The Capitol was hardly ensconced in a spirit of peace and love, but – for one brief, shining moment – there was real anticipation of at least a little give-and-take, the likes of which have not been seen here in more than a generation. Then Trump offered his “shithole countries” soliloquy, and Kumbaya morphed into a war chant.

The Donald’s boasts about his stellar negotiating skills have all the credibility of his claim to the be the world’s least racist person. There isn’t a rule of effective negotiating that he doesn’t regularly violate, including the one about not going back on your word. Days after telling a bipartisan Senate delegation that he would accept whatever immigration plan they came up with, and two hours after signaling his agreement with their proposal, Trump did a complete reversal and embraced the entire draconian screed of the anti-immigration hawks.

Although the rug had been pulled out from under them, Democrats stayed the tactical course of making immigration the quid-pro-quo for producing the needed votes to avoid a shutdown. The narrative quickly changed. It was no longer about Democrats helping Republicans pass a budget bill in exchange for protecting the Dreamers. It had become, through optics pushed by right wing messaging, a matter of Democrats forcing a shutdown to protect illegal immigrants. Besides, the leverage had no juice. The Trumpian gang got where they are by promising to drain the swamp. They abhor government. It’s the Democrats who believe in government and what it can do to make people’s lives better. Although the Dreamers have had strong public support, most polls showed substantial public anxiety over a prolonged government shutdown on their behalf.

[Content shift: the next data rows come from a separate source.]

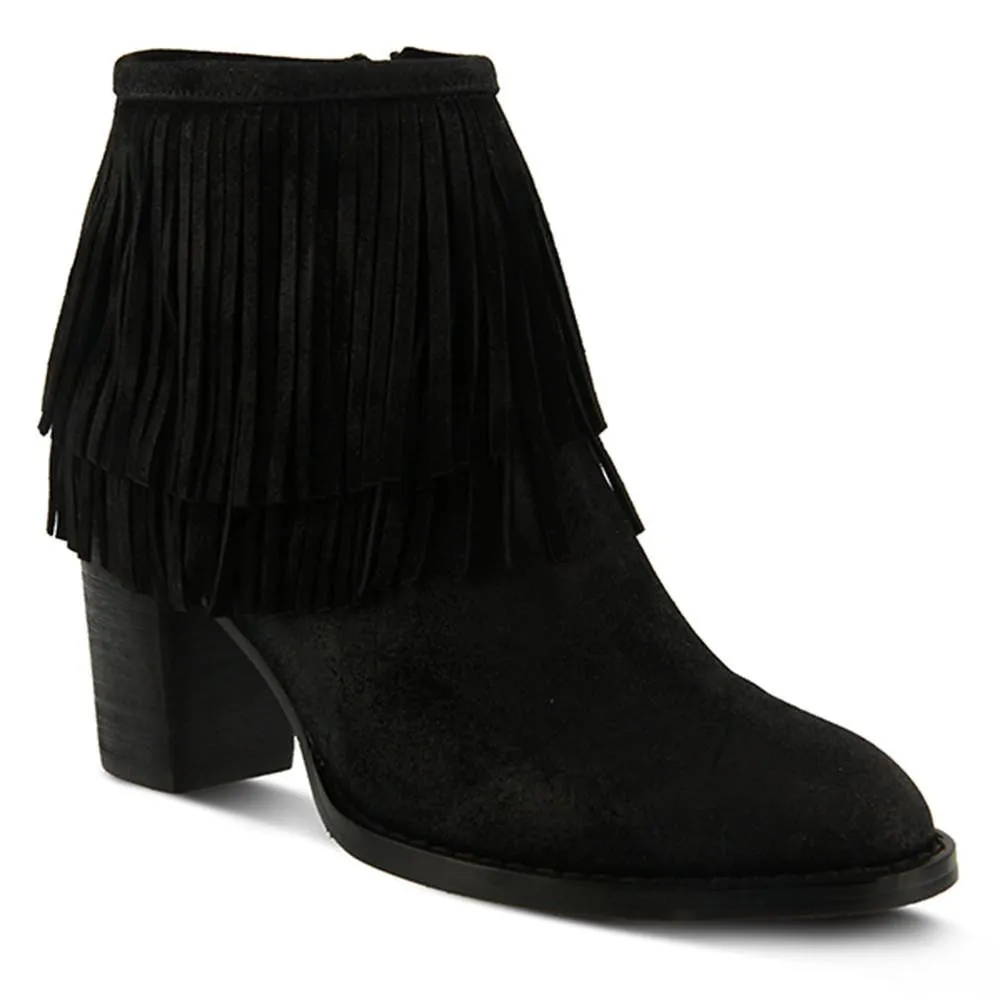 Bernat Booties by Azura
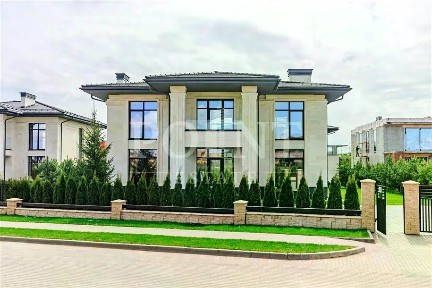 Продается 2-этажный коттедж, 307 м²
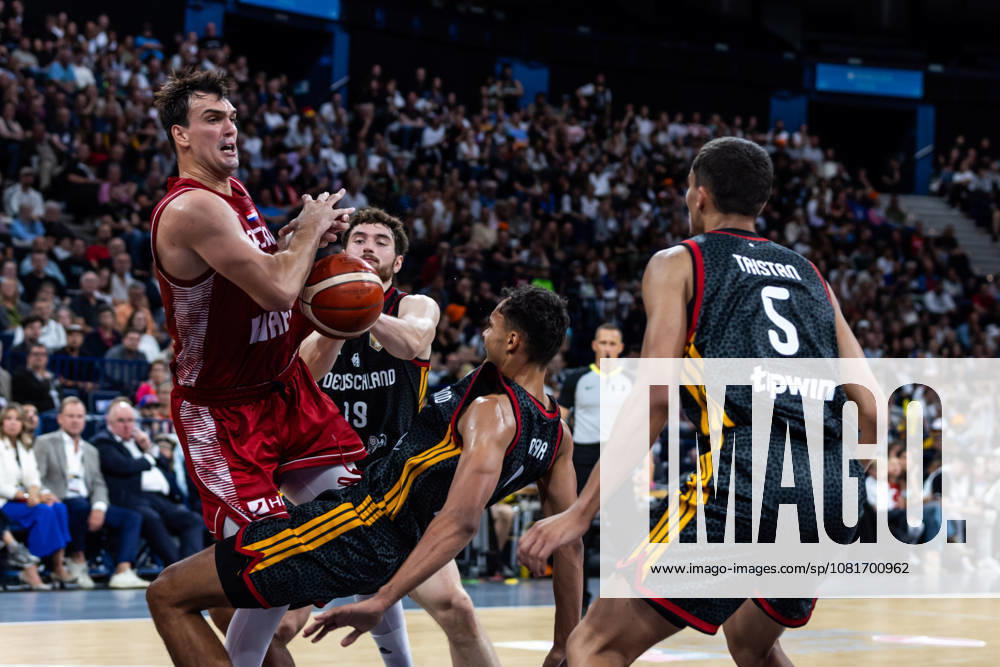 GER, Turkish Airlines Supercup 2026, Hamburg, Finale, Deutschland-Kroatien Dario Saric (Kroatien, 9), Oscar Da Silva (Deutschland, 1) Hamburg Barclays Arena Hamburg Deutschland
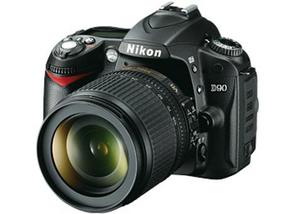 Nikon D90 Kit AF-S DX 18-105 VR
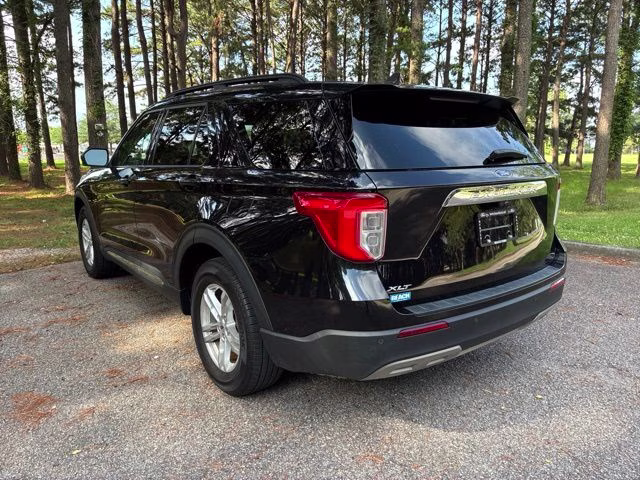 2022 Black Metallic Ford Explorer XLT RWD SUV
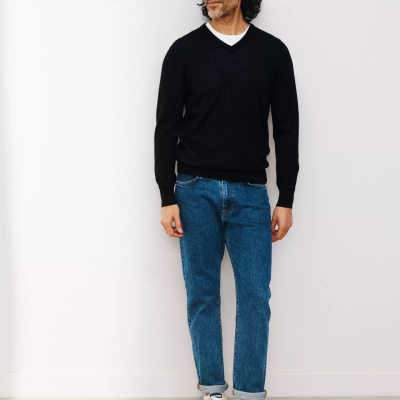 美丽诺羊毛纯色V领长袖针织衫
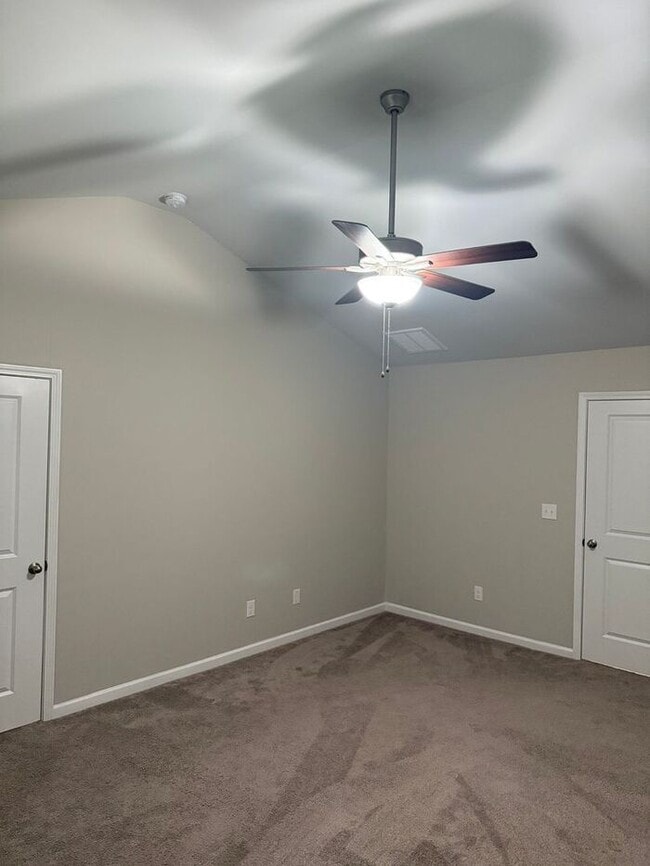 Building Photo - 6027 Villa Ford Ln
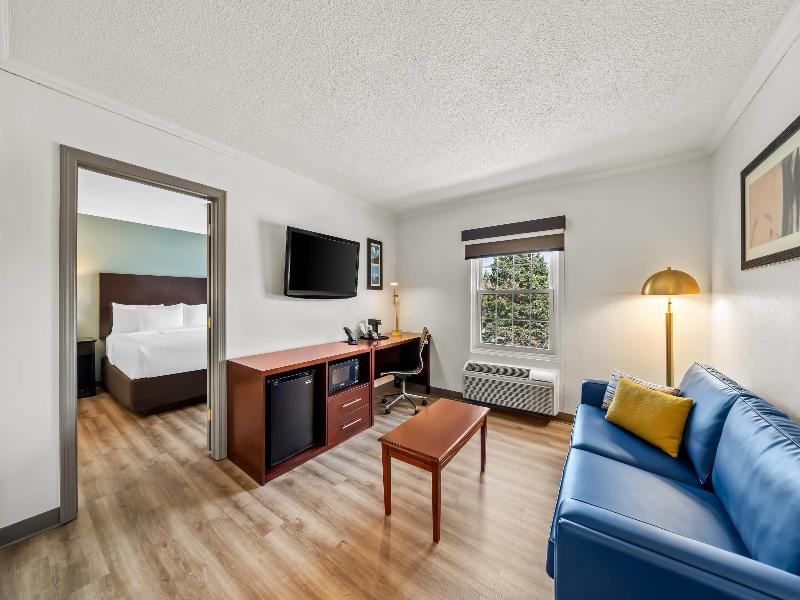 Comfort Inn Foxboro - Mansfield image
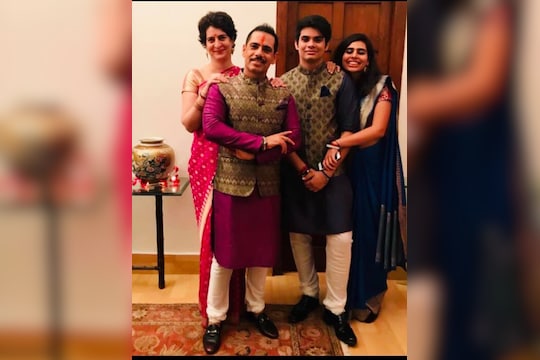 प्रियांका गांधींचं वय आणि रॉबर्ट वाड्रांचा 50 वा वाढदिवस, या फोटोंची आहे चर्चा...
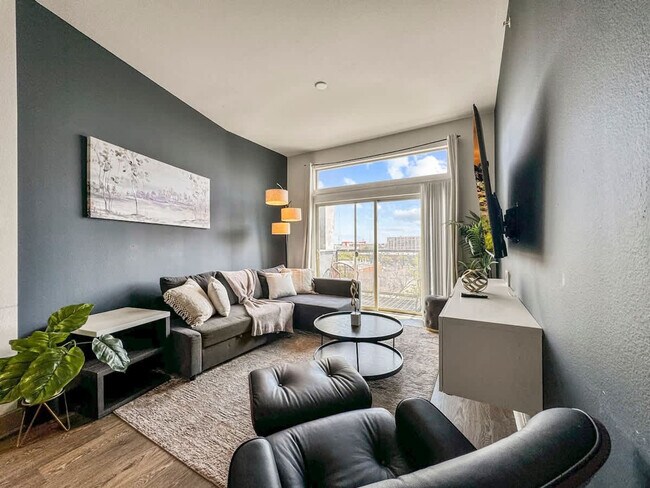 Building Photo - 2901 Indiana St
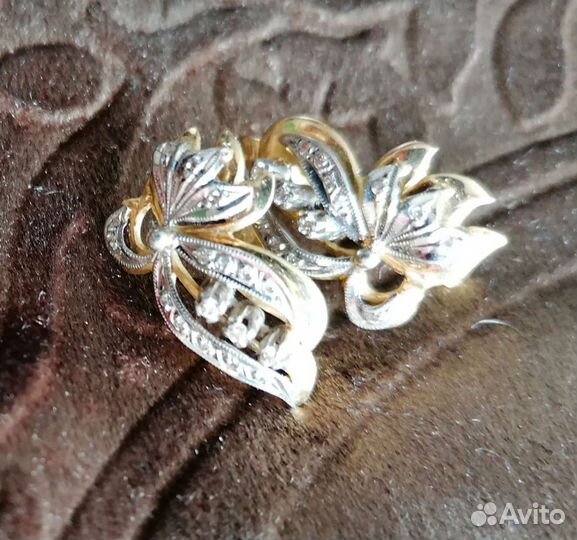 Золотые серьги 750* с бриллиантами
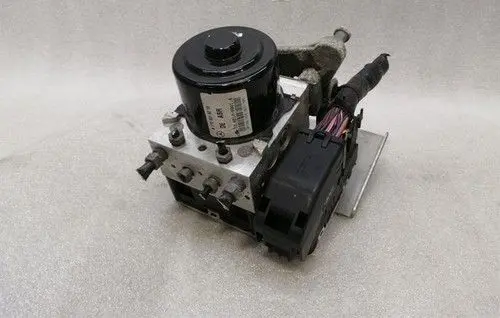 Mercedes-Benz C W204 ABS Pump A1724315312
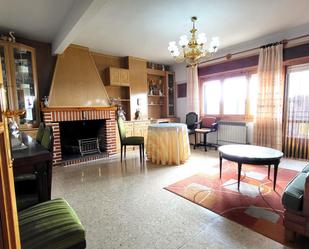 Living room of Flat for sale in El Barraco   with Heating, Terrace and Balcony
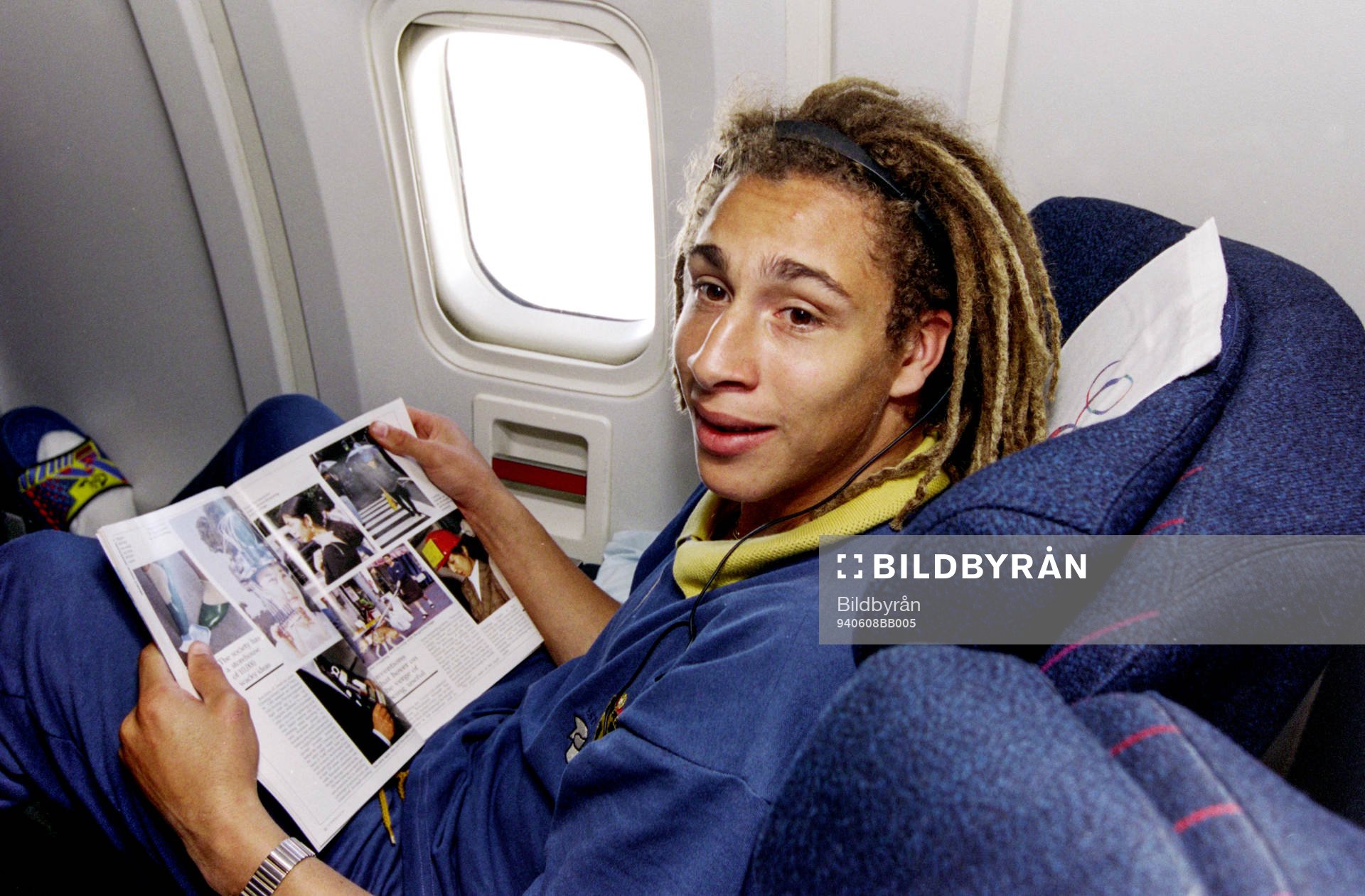 Henrik Larsson på flyget till Los Angeles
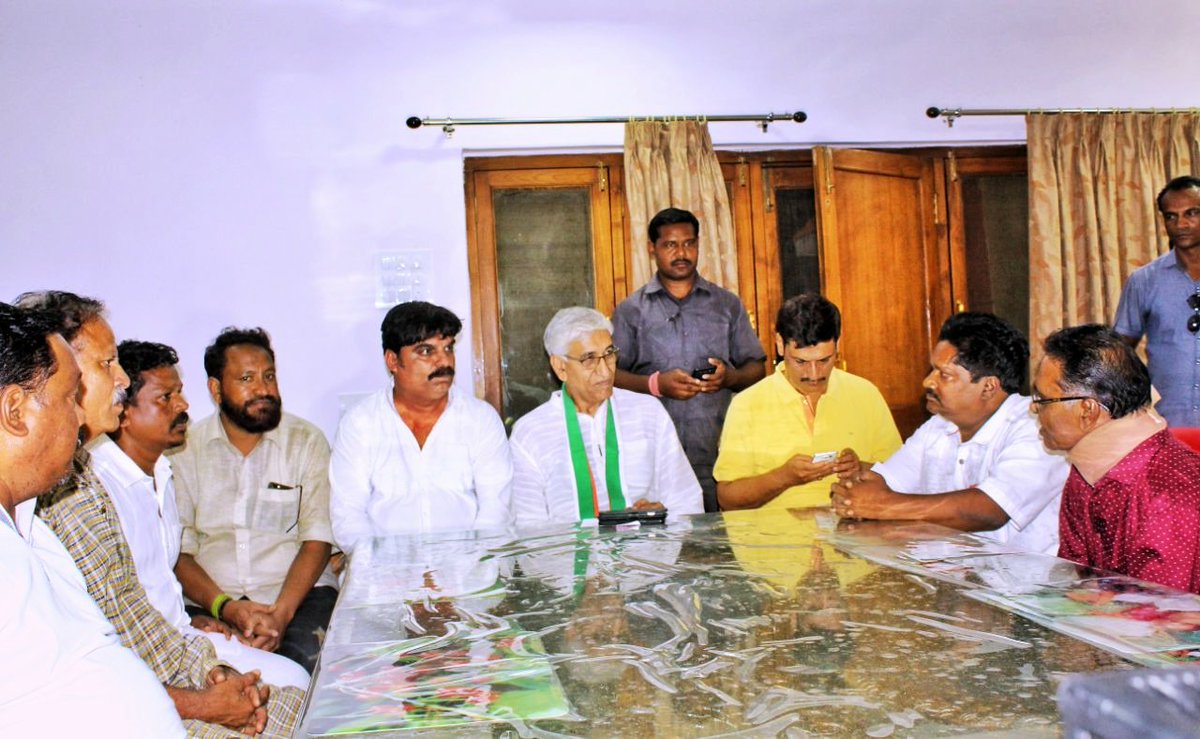 TS_SinghDeo's tweet image. Excellent wrap up of Day One of flourishing discussions on #JanGhoshnaPatra in Jagdalpur with last set of meetings with Medicine Seller Sangh &amp;amp; Football Sangh,with a well deserved dinner with Congress Office-Bearers! Excited to see what Day Two holds in store!#आपका_विकास_आपके_हाथ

That left Democrats in a weakened strategic position. Closing the government was hardly an effective club to use on a party that dislikes government. Yes, the talking point here was that Republicans would suffer from a shutdown since they control Congress and the White House. But the reality was that government closed because Democrats insisted to impasse on an immigration deal in exchange for the spending measure. That had the potential, particularly for the long haul, of weakening public support for the Dreamers.

I get the angst and disappointment of my friends on the left, and particularly on the part of those young people who grew up as Americans and see the clock ticking on possible deportation to countries they view as foreign. The pre-shutdown rhetoric of Democratic leaders about there being no spending bill without taking care of the Dreamers was powerful, passionate and hopeful. But, despite the message of many self-help books, a determination to win doesn’t guaranty victory. A prolonged government shutdown was simply not the instrument to induce surrender by a majority party that cares nothing about the fate of young immigrants, government workers or the people they serve. It would be like kidnapping Hillary Clinton and asking Donald Trump to pay the ransom.

By agreeing to fund government for another three weeks, Senate Majority Leader Chuck Schumer not only bought time, he also brought the narrative back where it belonged, namely on how to keep the Dreamers from being deported. No longer is Trump’s campaign machine cranking out ads about Democrats shutting down government in order to help “illegal aliens.” Instead, late this week, the president put the White House on record for the first time in support of a bill that would not only give work permits to about 1.8 million young immigrants but would also grant them a path to citizenship.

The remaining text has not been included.